Святые отцы называют Богородицу «непорочной и незнакомой с земными страстями» [198] , «отряхнувшей [от Себя] прилог всякой страсти» [199] . Она «никогда не согрешила ни единым помыслом» [200] . Она – «жилище всякой добродетели», Ее ум «устранен от всякого житейского и плотского пожелания», а Ее жизнь есть «восхождение к святости», делающее Ее «святым и удивительным храмом, достойным Бога Вышнего» [201] . Богородица – «средоточие божественных и человеческих дарований» [202] . Она настолько приближена к Богу, что «является единственной как бы границей между тварным и несотворенным естеством», то есть между естеством Божественным и человеческим, «и все знающие Бога познают и Ее – как Место Невместимого; и все восхваляющие Бога воспоют и Ее после Бога» [203] . Богородица – «Причина и бывших прежде Нее благословений и даров человеческому роду, и Предстательница настоящих и Ходатаица вечных. Она – основание пророков, начало апостолов, утверждение мучеников, основание учителей. Она – слава сущих на земле, радость сущих на небе, украшение всего создания» [204] .
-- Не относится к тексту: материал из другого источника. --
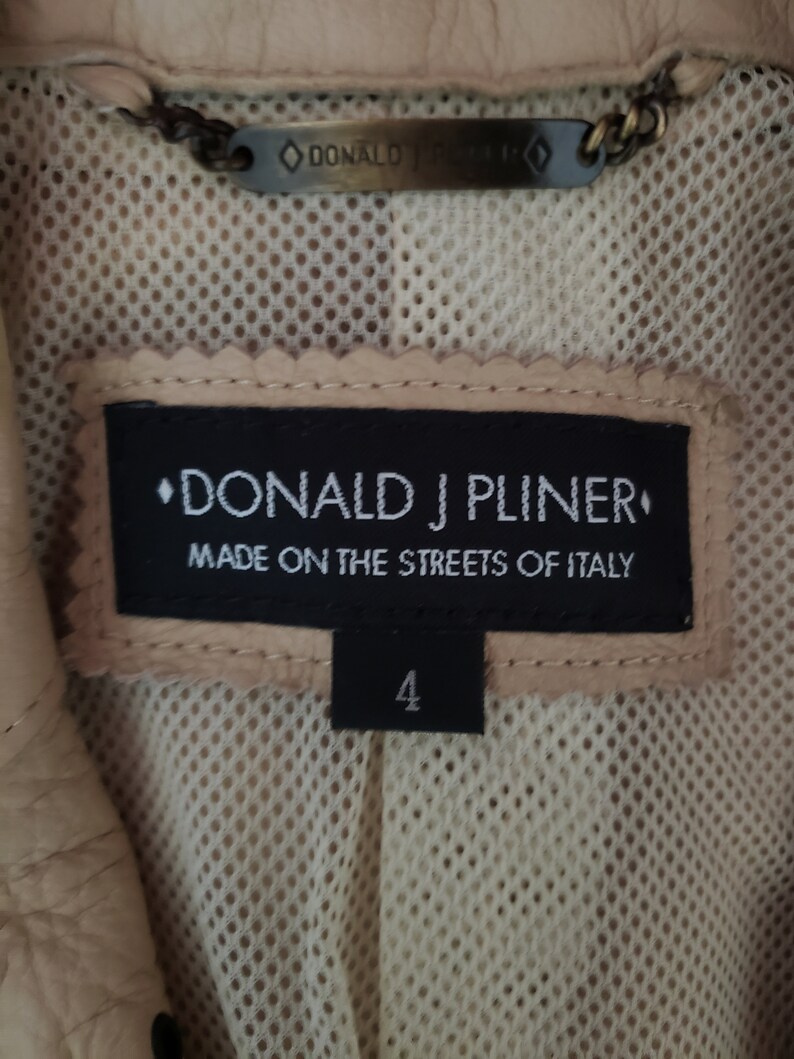 Detail view of 1990s topstitched metal eyelet and stud embellished buff leather blazer by Donald Pliner, extra small to small, showing the tag and label.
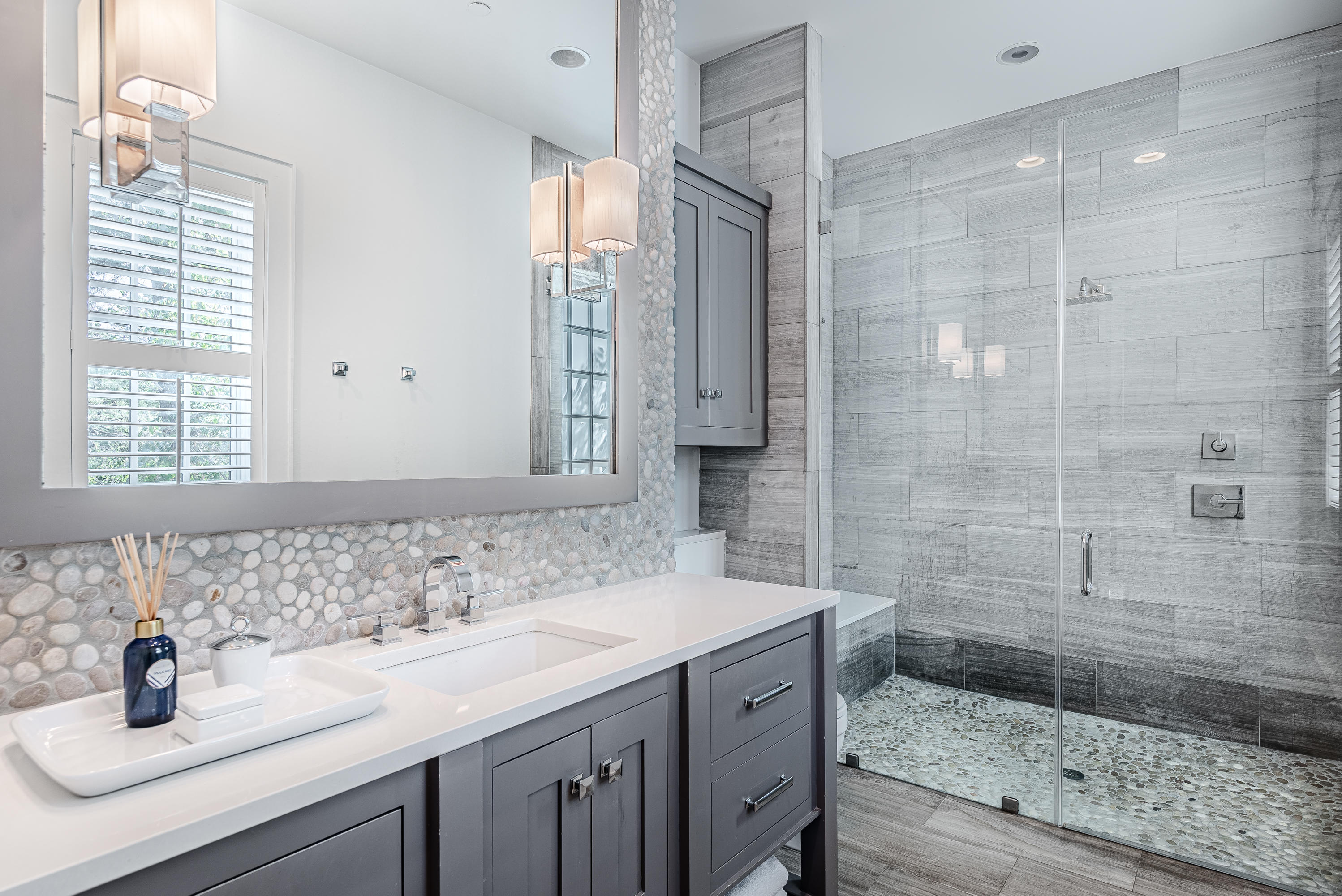 53 Cedar Post Road Santa Rosa Beach, FL 32459 - Photo 10 of 37 a bathroom with a shower sink and mirror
Приведенные формулировки богослужебных текстов и святоотеческих трактатов свидетельствуют о том исключительном почитании, которым Пресвятая Богородица окружена в Православной Церкви. Надо сказать, что почитание Богородицы в течение первого тысячелетия христианской истории развивалось параллельно на Востоке и на Западе. Однако во втором тысячелетии мариологический догмат в Католической Церкви был облечен в такие богословские формы, которые оказались непонятны и чужды православной традиции. Становление, развитие и утверждение новых мариологических учений, неизвестных отцам Древней неразделенной Церкви, было отрицательно воспринято на православном Востоке и вызвало целую серию антикатолических сочинений, в которых эти учения подвергались критическому анализу.

Начиная с Иоанна Дунса Скота на Западе развивалось учение о «непорочном зачатии» Божией Матери. Согласно этому учению, Божией Матери в силу будущих заслуг Ее Сына была дана особая привилегия – быть свободной от первородного греха. В 1854 году папа Пий IX без созыва Собора специальной буллой провозгласил учение о непорочном зачатии догматом:

...

Мы заявляем, провозглашаем и определяем, что учение, которое придерживается того, что Блаженная Дева Мария была с самого первого момента Своего зачатия, особой благодатью и расположением Всемогущего Бога, ввиду заслуг Иисуса Христа, Спасителя рода человеческого, сохранена незапятнанной никаким пятном первородного греха, является учением, явленным в откровении Богом, и потому в него должно твердо и постоянно верить всем верным [205] .

Возникновение и развитие учения о непорочном зачатии Божией Матери было прямым следствием того понимания первородного греха как наследственной вины, которое утвердилось на Западе со времен Августина. В православной среде это учение, особенно после официального провозглашения его догматом, вызвало резкое отторжение. Святитель Игнатий (Брянчанинов) назвал новое учение Римской Церкви еретическим, подчеркнув, что «паписты, признав Божию Матерь чуждою первородного греха, признали Ее чуждою всякого греха, вполне безгрешною, следовательно, не нуждающейся ни в искуплении, ни в Искупителе» [206] . В противовес католикам, Игнатий утверждает, что Божия Матерь «зачата и рождена во грехе по общему закону падшего человечества»; «зачалась и родилась Дева Мария в погибели, в падении, в узах вечной смерти и греха, родилась в состоянии, общем всему человеческому роду» [207] . Столь резкое подчеркивание греховности, сопряженной с зачатием Божией Матери, вовсе не характерно для святоотеческой литературы. Диссонирует оно и с богослужением Православной Церкви, посвященным празднику Зачатия Пресвятой Богородицы.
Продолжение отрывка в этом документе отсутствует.